To solve for the dimensions of a rectangular picture, we need to grasp the concept of a perimeter equation. Perimeter, in a simple sense, is the total distance around a two-dimensional shape. For a rectangle, which has opposite sides that are equal, the perimeter \( P \) can be calculated using the formula:\[P = 2l + 2w\]Here, \( l \) represents the length, and \( w \) represents the width of the rectangle. In our problem, the perimeter of the rectangle is given as 86 inches. Therefore, substituting this into the formula, we have:\[2l + 2w = 86\]This equation tells us how the total length around the rectangle relates to its length and width. It's the starting point for further calculations.
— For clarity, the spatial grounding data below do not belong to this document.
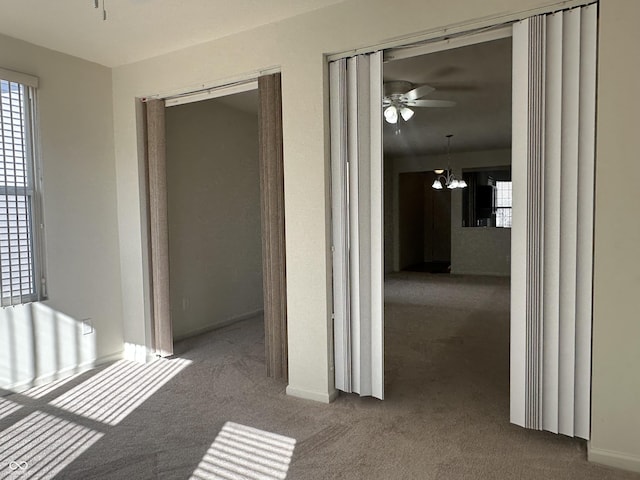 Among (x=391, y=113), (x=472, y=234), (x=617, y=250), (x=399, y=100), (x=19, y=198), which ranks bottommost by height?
(x=472, y=234)

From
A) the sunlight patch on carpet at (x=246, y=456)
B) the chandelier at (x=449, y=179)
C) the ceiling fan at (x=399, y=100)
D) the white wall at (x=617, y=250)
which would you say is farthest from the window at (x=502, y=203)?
the sunlight patch on carpet at (x=246, y=456)

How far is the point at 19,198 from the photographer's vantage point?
3.34m

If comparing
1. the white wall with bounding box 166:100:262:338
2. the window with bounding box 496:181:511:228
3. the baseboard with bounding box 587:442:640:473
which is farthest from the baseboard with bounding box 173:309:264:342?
Answer: the window with bounding box 496:181:511:228

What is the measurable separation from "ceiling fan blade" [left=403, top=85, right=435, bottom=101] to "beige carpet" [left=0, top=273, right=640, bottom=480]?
95.4 inches

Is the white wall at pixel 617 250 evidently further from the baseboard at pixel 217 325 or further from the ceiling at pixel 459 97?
the baseboard at pixel 217 325

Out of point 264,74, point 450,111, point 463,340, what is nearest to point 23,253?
A: point 264,74

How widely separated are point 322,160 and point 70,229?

Variable substitution is a technique we use to simplify equations when we have multiple unknowns. In this exercise, we know that twice the width exceeds the length by 2 inches. This relationship can be mathematically expressed as:\[2w = l + 2\]This equation allows us to express the length \( l \) in terms of width \( w \). Rewriting, we get:\[l = 2w - 2\]Now, we have two equations:

• The simplified perimeter equation: \( l + w = 43 \)
• And the length-width relation: \( l = 2w - 2 \)

By substituting \( l = 2w - 2 \) into the perimeter equation, we eliminate one variable. This substitution technique is crucial because it lets us focus on finding the width first, which we can then plug back to find the length.

With the equations set up and the substitution done, our task now is to solve the linear equation for one of the unknowns. Substituting into our simplified perimeter equation, we have:\[2w - 2 + w = 43\]Combine like terms:\[3w - 2 = 43\]Next, to isolate \( w \), add 2 to both sides:\[3w = 45\]Divide both sides by 3:\[w = 15\]Now that we've solved for \( w \), which is the width of the rectangle, we use the relationship \( l = 2w - 2 \) to find the length:\[l = 2(15) - 2 = 30 - 2 = 28\]Solving linear equations involves systematically isolating variables to find their values. Here, the equations worked together to give us both the width and the length. Finally, always verify the solutions back through the original problem conditions to ensure they're correct.